(Pictures with short captions)
* * * *

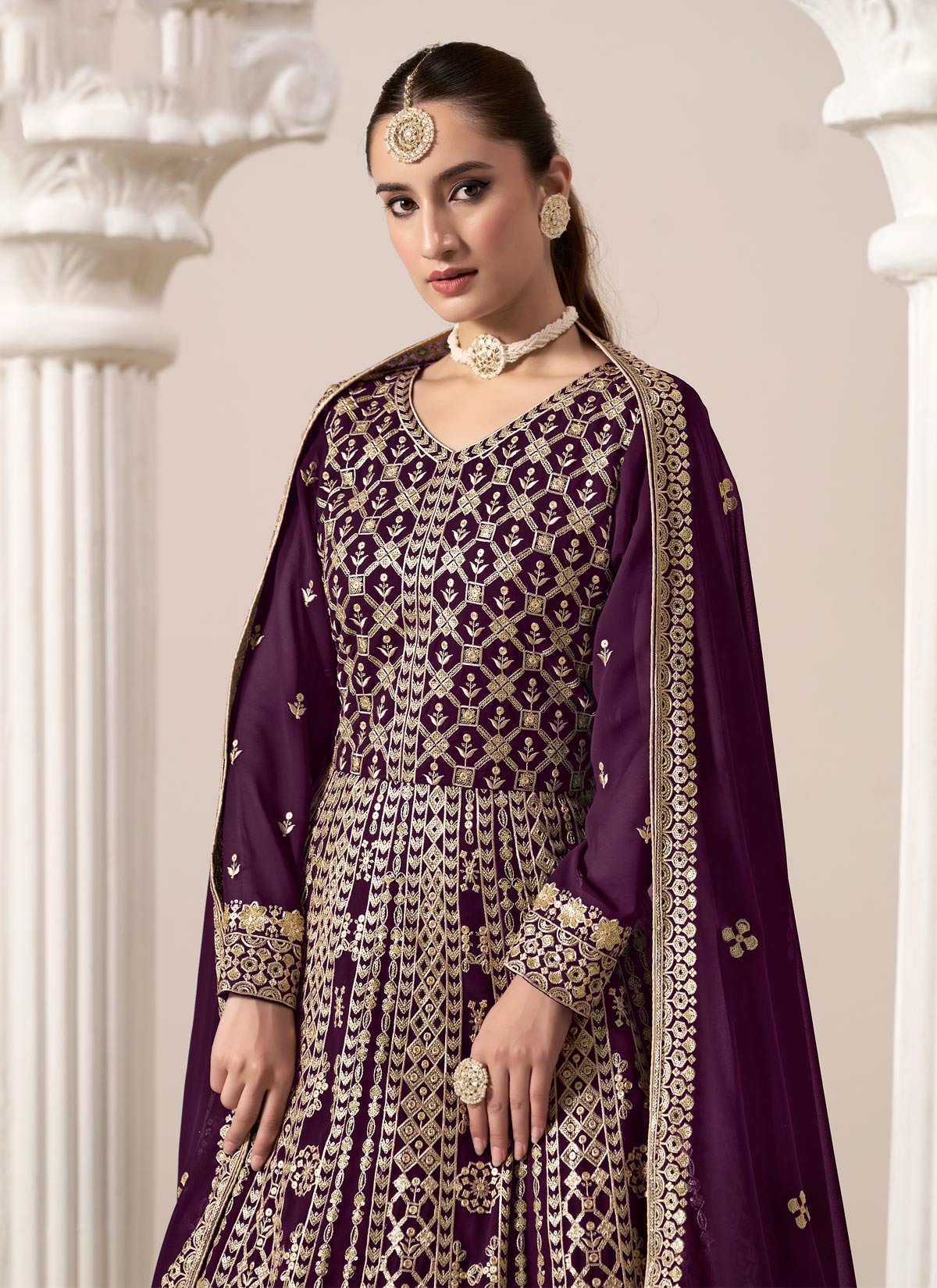 Georgette Anarkali Suit In Purple With Sequins Work For Ceremonial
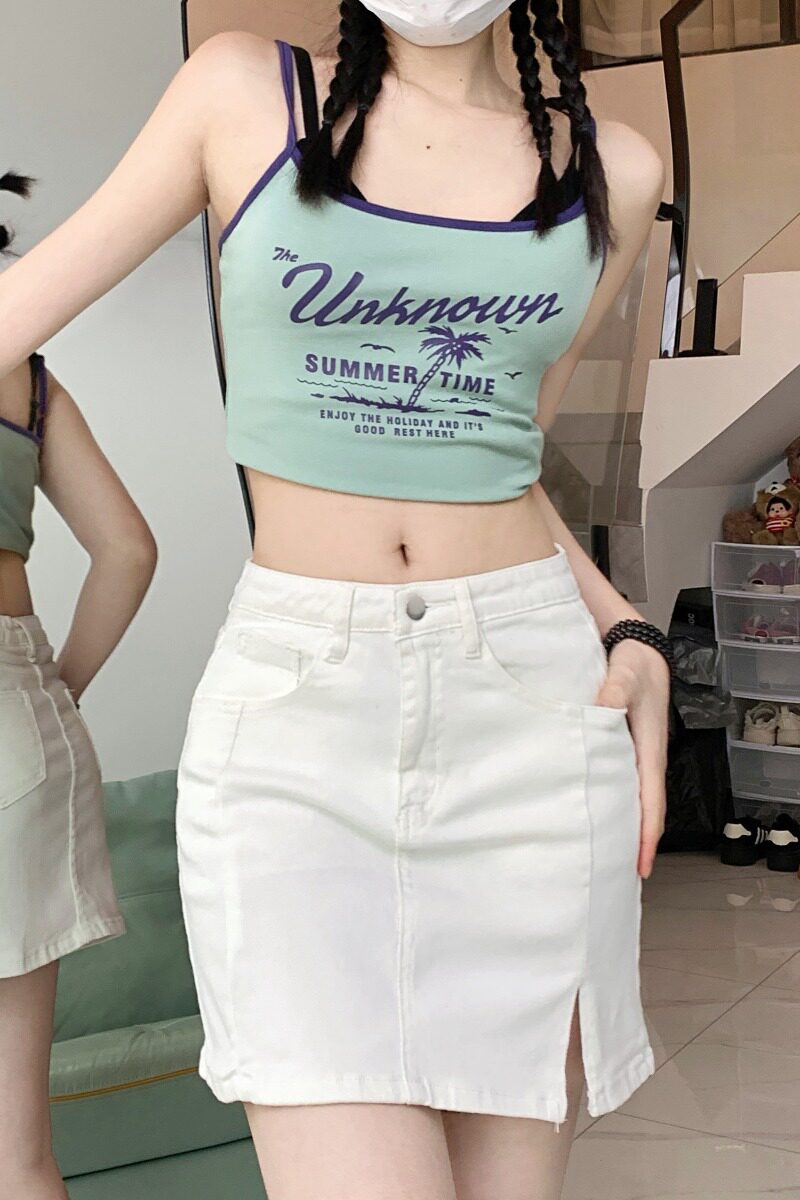 7575-P33A字半身裙女高腰开叉牛仔包臀短裙防走光显瘦裤裙,男装牛仔裤,电商A306A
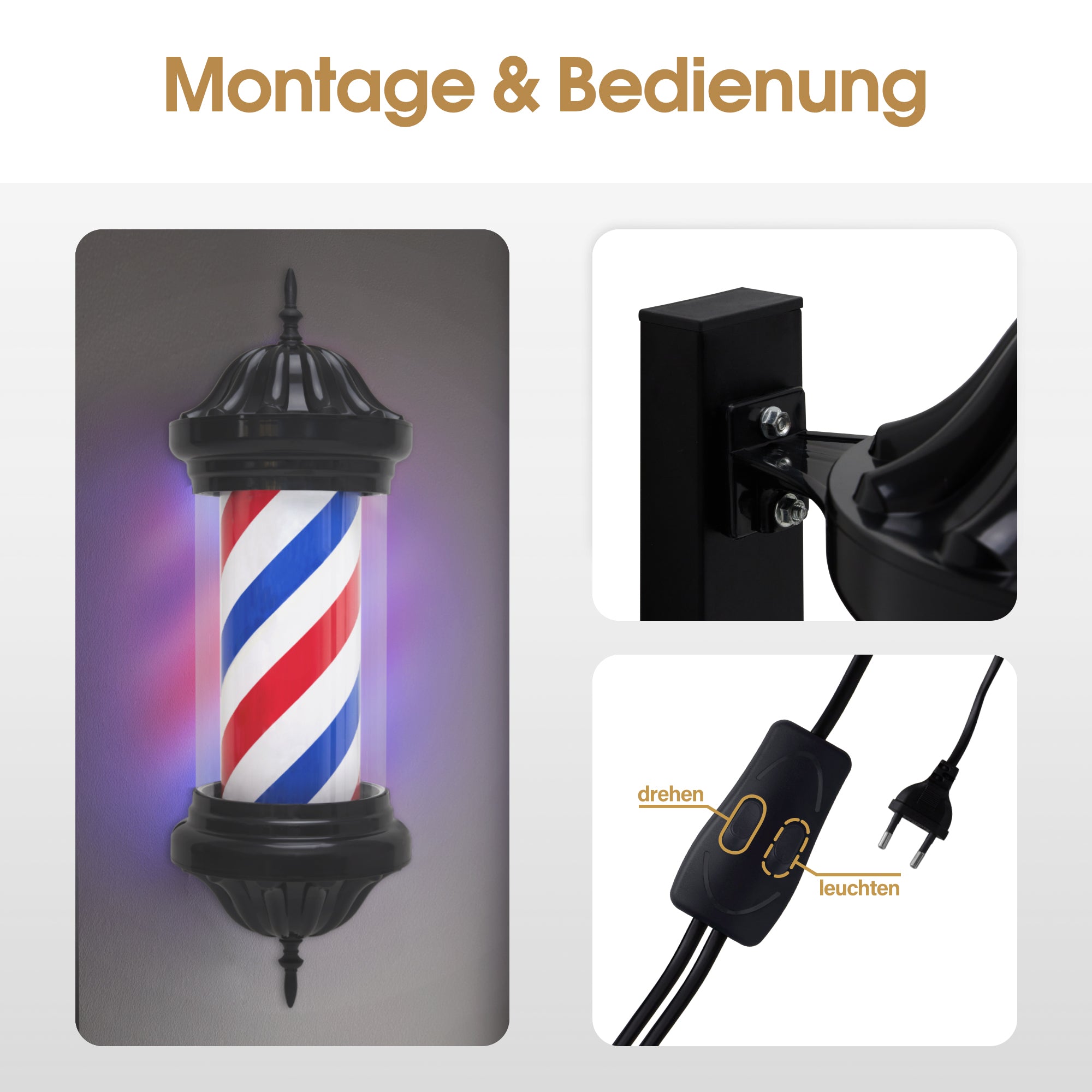BarberPub Barber Pole Barbierstab, Barbershop Friseurstange mit LED Leucht Salon Einrichtung, Drehbar Stange Friseursalon 70CM Barbier Stange Licht, Energie Sparen L054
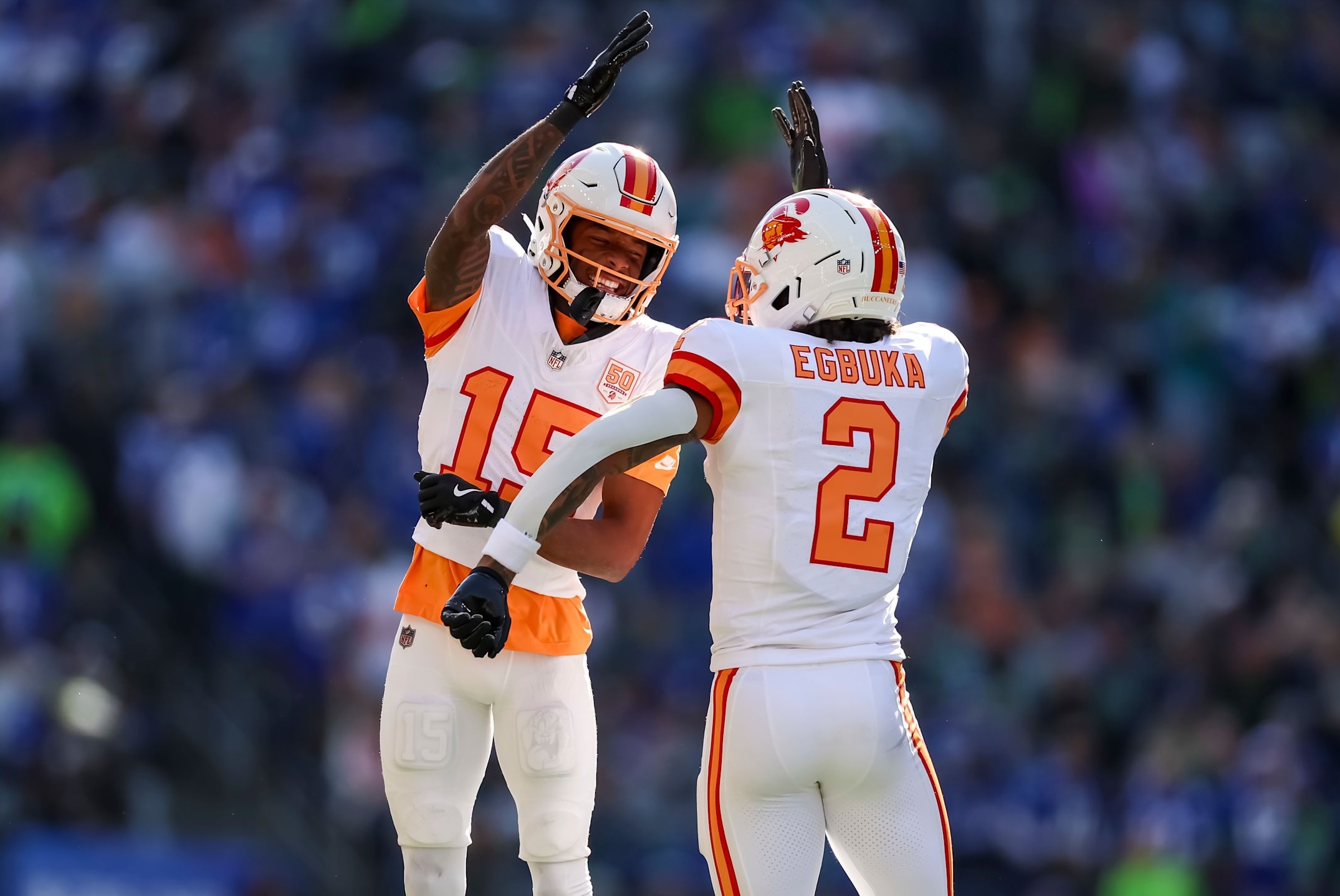 Buccaneers rookie wide receivers Emeka Ebguka and Tez Johnson celebrate during a Week 5 win over the Seattle Seahawks during the 2025 NFL season.
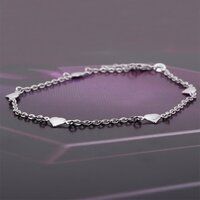 Puffed Heart Silver Anklet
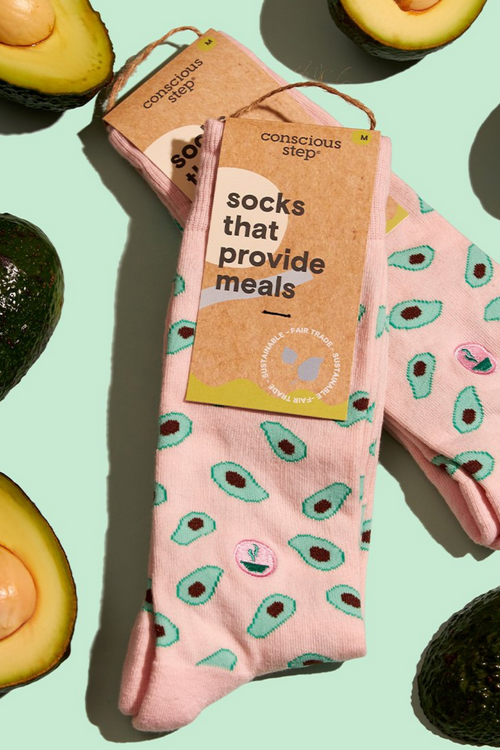 Socks that Provide Meals - Pink Avocados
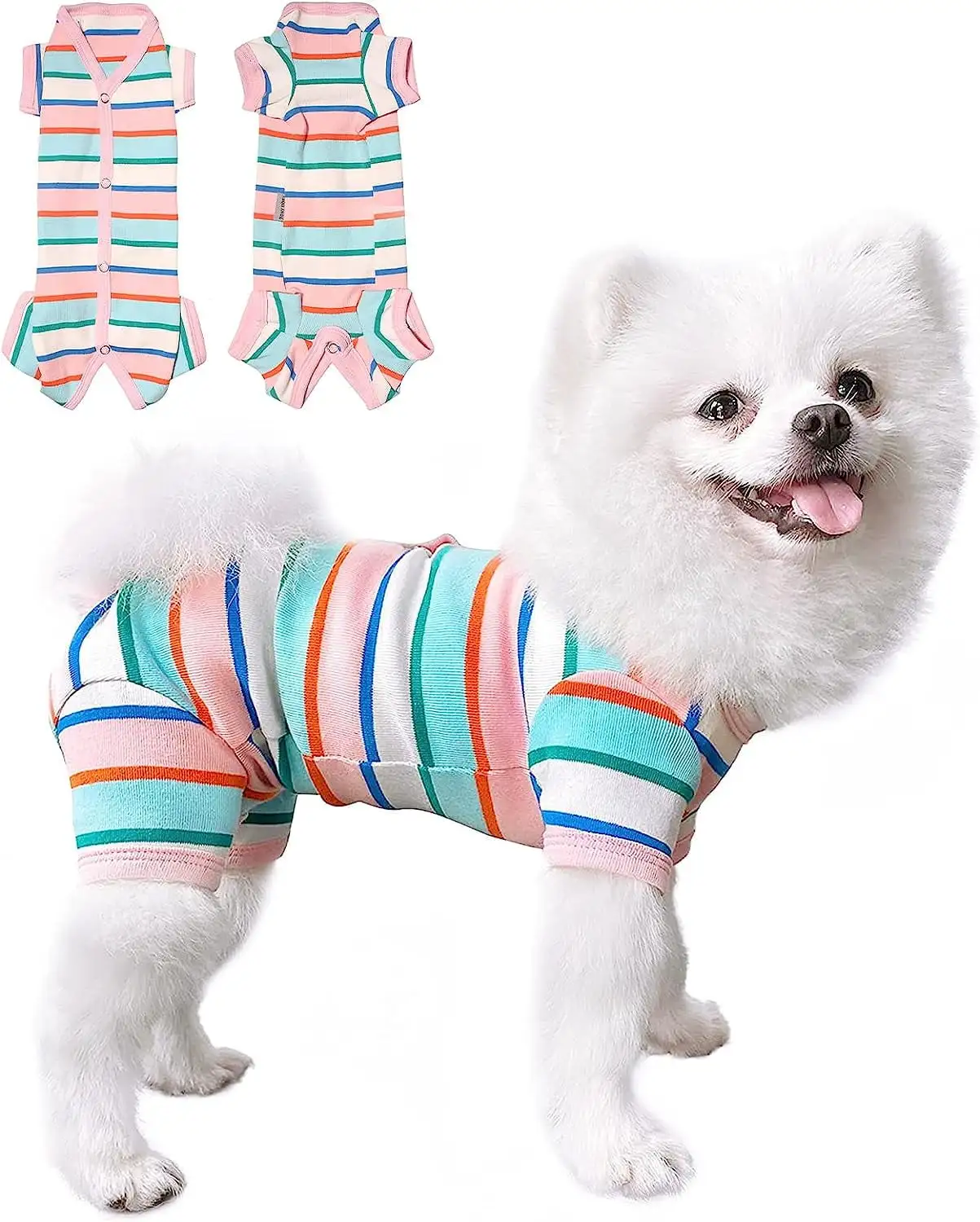 TONY HOBY Dog Pajamas. Colorful Pjs for Small Medium Dogs Cats Jumpsuit Onesie. Dog Surgical Recovery Suit Pink Female/Male. XS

* * * *

Work to be completed -
Output the records exactly. Drop the images.

Response to this task -
 Georgette Anarkali Suit In Purple With Sequins Work For Ceremonial
 7575-P33A字半身裙女高腰开叉牛仔包臀短裙防走光显瘦裤裙,男装牛仔裤,电商A306A
BarberPub Barber Pole Barbierstab, Barbershop Friseurstange mit LED Leucht Salon Einrichtung, Drehbar Stange Friseursalon 70CM Barbier Stange Licht, Energie Sparen L054
 Buccaneers rookie wide receivers Emeka Ebguka and Tez Johnson celebrate during a Week 5 win over the Seattle Seahawks during the 2025 NFL season.
 Puffed Heart Silver Anklet
 Socks that Provide Meals - Pink Avocados
 TONY HOBY Dog Pajamas. Colorful Pjs for Small Medium Dogs Cats Jumpsuit Onesie. Dog Surgical Recovery Suit Pink Female/Male. XS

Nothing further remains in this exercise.